After helping distribute the food, I retreated under the outstretched branches of a tree, thankful that I’d thought to bring a lawn chair. It provided a secure place to perch and watch the crowd. Most of the missions team stayed under the shady tent. Two or three pastors mingled and tried to chisel out conversations.

Then I saw her.

A young woman, probably in her early twenties, stood off to the side, alone. She was looking around as if searching for something, or someone.

I hesitated. The last woman I had approached, gruffly informed me she was waiting on someone. Perhaps this young woman was waiting as well.

Yet, she continued to stand there, sweat flowing down her face. She hugged her drink and chips in one arm and her hamburger in the other. What was she looking for?

Seating was limited. Most people grabbed their food and hustled back to their homes. Could this woman possibly be one of the few who wanted to sit and stay awhile?

Slowly, I eased out from under the tree’s protection. Would she be like the others and berate me for being there? I was an outsider—different ethnicity, different economic level, different worldview.

“Hi. Are you looking for someone?”

She shyly shook her head no. I didn’t recognize any anger in her face. It appeared to be more like discomfort.

“Would you like to sit down to eat?”

A simple nod yes.

I look around at the few tables provided. No empty seats. I scan the grassy area under the trees. An empty chair sits beside  mine.

“Would you like to sit under the tree? It’s cooler.”

Sharing the Son Means Leaving the Shade

She nods and follows me to the tree. The distance is short, but we don’t arrive in time to claim both chairs. Only my chair is left.

“Here. You can have my chair.”

As she sits down, I introduce myself. She tells me her name. But I could not hear her well over someone yelling. I did not ask her to repeat it.

I smile, trying hard not to be insincerely cheery. “It’s nice to meet you. I hope you like your burger.” I motion toward the tent. “I’ve got to go help serve.”

She smiled with another silent nod.  

As I stood under the shade of the tent, I kept looking back over at the tree. The woman ate silently. A young man, with a mental illness, chattered away beside her but she wasn’t responding.

Something inside told me to go tell her why we were there. We weren’t just giving away free meals. We were sharing the love and hope of Jesus Christ.
But the earlier rejections of the crowd stifled my response.

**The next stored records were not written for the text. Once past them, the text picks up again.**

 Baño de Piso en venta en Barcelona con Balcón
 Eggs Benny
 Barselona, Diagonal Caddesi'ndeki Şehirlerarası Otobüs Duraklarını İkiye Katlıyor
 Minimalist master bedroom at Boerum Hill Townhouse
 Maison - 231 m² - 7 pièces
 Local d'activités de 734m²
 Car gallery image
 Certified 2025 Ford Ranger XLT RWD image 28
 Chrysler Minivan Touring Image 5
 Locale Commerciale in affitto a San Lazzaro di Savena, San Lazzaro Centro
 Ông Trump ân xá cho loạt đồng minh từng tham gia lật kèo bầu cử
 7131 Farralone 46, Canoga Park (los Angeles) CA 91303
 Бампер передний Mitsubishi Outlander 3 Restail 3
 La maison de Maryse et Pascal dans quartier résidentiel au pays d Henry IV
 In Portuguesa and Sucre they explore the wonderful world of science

The crowd dwindled. Only a few remained in line. I decided handing out napkins to folks would be helpful.

“Would you like a napkin?”

A few minutes passed. Another expressionless face approached.

“Would you like a napkin?”

Another five minutes passed before anyone needed my valuable napkin distribution service. This is ridiculous. I should just go talk to her.

I neatly stack the napkins on the corner of the table and turn back towards the tree.

She is gone.

As quietly as she slipped into my life, she slipped out. As well as my opportunity to tell her how much God loves her. And how He gives a joy so great, that she’d have a hard time staying so quiet.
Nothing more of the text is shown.